As part of the 2018 Mental Health Awareness Week, England rugby star
Heather Fisher has spoken out about battling her own body image issues.
This involves coping with not only anorexia but the effects of having lost all her hair, from head to toe, to a severe form of the autoimmune disorder
Alopecia Areata.
Mental side of hair loss
Talking to
The Telegraph, Fisher, whose hair started falling out in 2010, explains that, though generally an optimist, her
hair loss can still get her down.
‘‘
I am a positive person but realistically, if you lost your hair you would struggle, too. There is always going to be a mental side to it, if any woman loses her hair, it is going to feel s--- and you can’t help but feel ugly and like no one would fancy or go out with you because it is a massive thing,” says the 33 year old.

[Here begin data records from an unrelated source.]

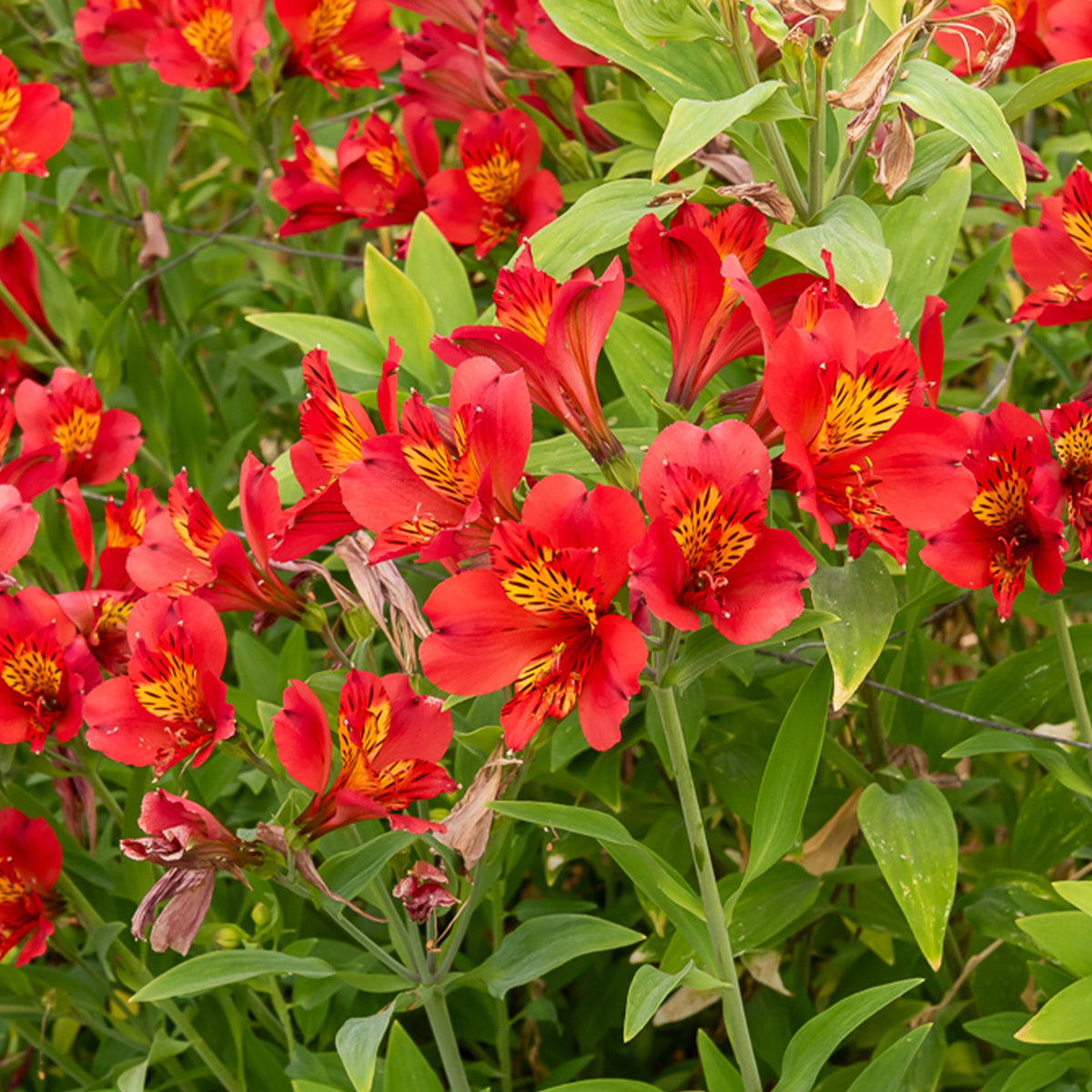 Inkalilie - Alstroemeria Majestic Liré - Willemse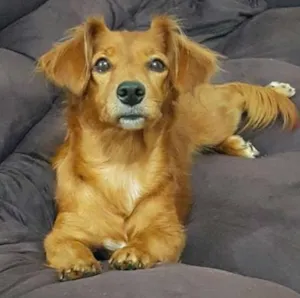 Cachorro raça daschund idade 3 anos nome Nina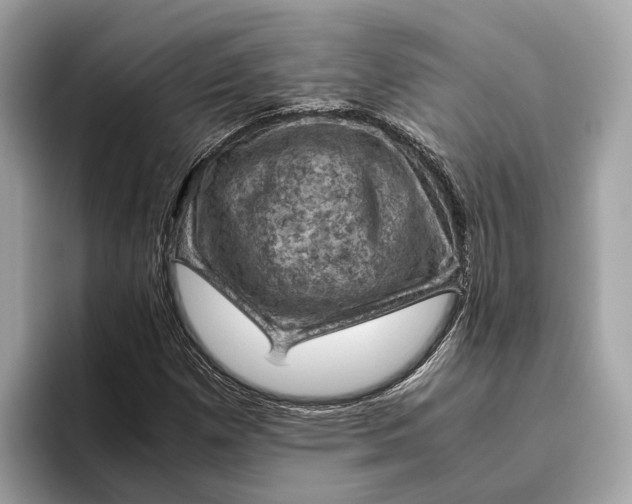 X0000096441257200802141445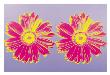 Daisy, C.1982 (Double Pink) by Andy Warhol Limited Edition Print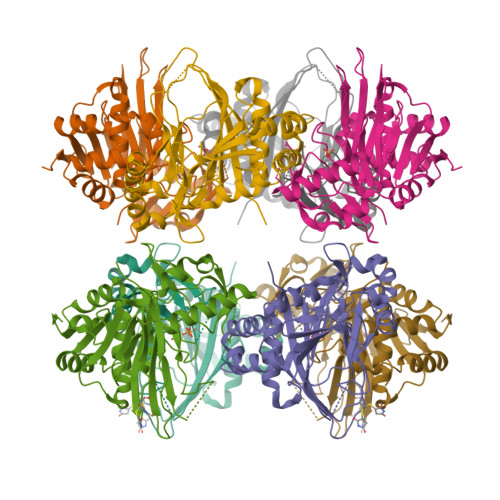 RCSB PDB - 9N7L: Glutarate L-2-hydroxylase Q184C mutant-5'-Mal-C6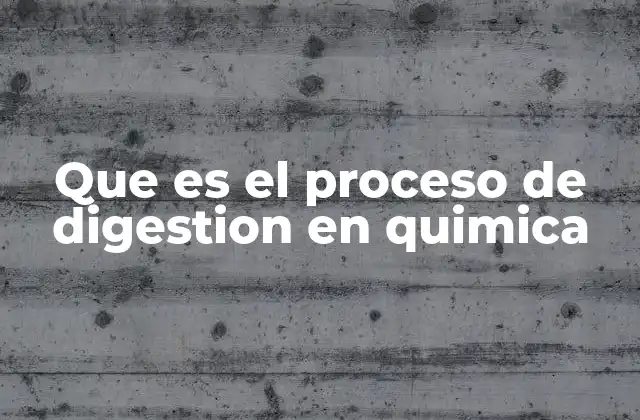 Que es el Proceso de Digestion en Quimica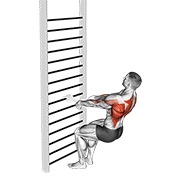 ท่า Bodyweight Squatting Row (with Towel)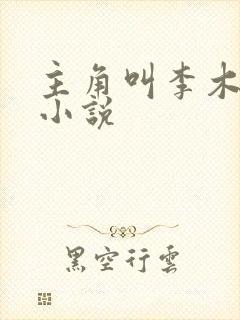 主角叫李木子的小说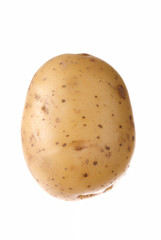 Potato
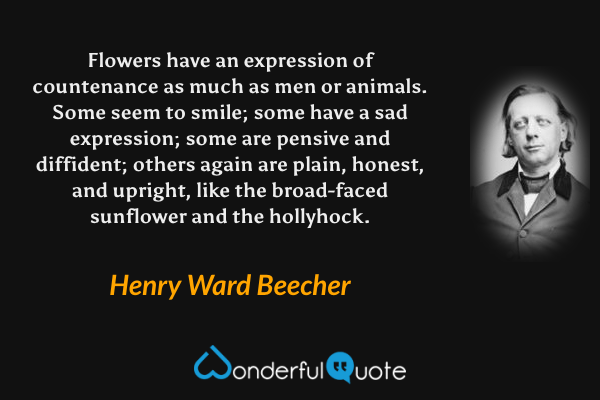 Flowers have an expression of countenance as much as men or animals.  Some seem to smile; some have a sad expression; some are pensive and diffident; others again are plain, honest, and upright, like the broad-faced sunflower and the hollyhock. - Henry Ward Beecher quote.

Hair loss of any kind can be extremely tough and various people, including TV personality
Gail Porter and actress
Jackie Nguyen, have spoken out about depression as a result of Alopecia Areata. This can be particularly traumatic due to its sudden onset and a
2014 study revealed that Alopecia Areata could indeed be linked to various mental health issues.
Everyone develops their own mechanisms for
coping with Alopecia Areata - whether it means wearing a wig and false eyelashes to boost self-confidence, having tattooed
eyebrow microblading, or learning to embrace being bald.
In the searingly honest interview, the rugby sevens flanker says that, despite the appearance of being strong she does not actually cope with her condition -
Alopecia Universalis - particularly well, except when she is actually playing rugby.
"
Being a professional athlete helps because it makes people aware of the situation and aware of the condition. When I am on the pitch, it is not about my hair, it is about me performing. So, when I am on the pitch is probably the only time I forget about alopecia, the rest of the time I know all about it," she bravely admits.
However, Fisher also confirms that she refuses to let her
autoimmune alopecia define her or hold her back from being successful - something her 22 appearances for England and bronze Commonwealth Games medal attest to.
Hair regrowth hope on the horizon
Although she has made the decision not to wear wigs in order to stay true to her authentic self, given the choice, Heather Fisher says that she would prefer to have hair.
Whilst
Alopecia Areata treatment is available for the scalp-only form of the disorder, the more severe forms - including Fisher's phenotype - do not yet have any truly effective options. However, for the first time ever there is hope on the horizon due to a suite of drugs known as
Janus kinase (JAK) inhibitors. Topical and oral medications are currently being developed by a number of companies, and are seeing promising results encouraging hair regrowth in all forms of Alopecia Areata, from mild to extreme.
Assuming the current clinical trials progress well and the relevant
MHRA and FDA licences and approvals are granted once safety, tolerability and efficacy has been sufficiently proven, it is believed that these drugs could be ready for prescription
by 2021. One potential new treatment has even had its development trials
fast-tracked by the FDA which is keen to bring a suitable medication to market in order to meet this currently un-served need.
In the meantime, hair loss charities such as Alopecia UK - for whom Fisher is an ambassador, alongside former Olympic cyclist
Joanna Rowsell-Shand and the author
Sue Hampton - can provide advice, inspiration and peer support to those affected. Or, for those aged 24 and under, the
Little Princess Trust and Hero by LPT are able to provide high quality real-hair wigs free of charge.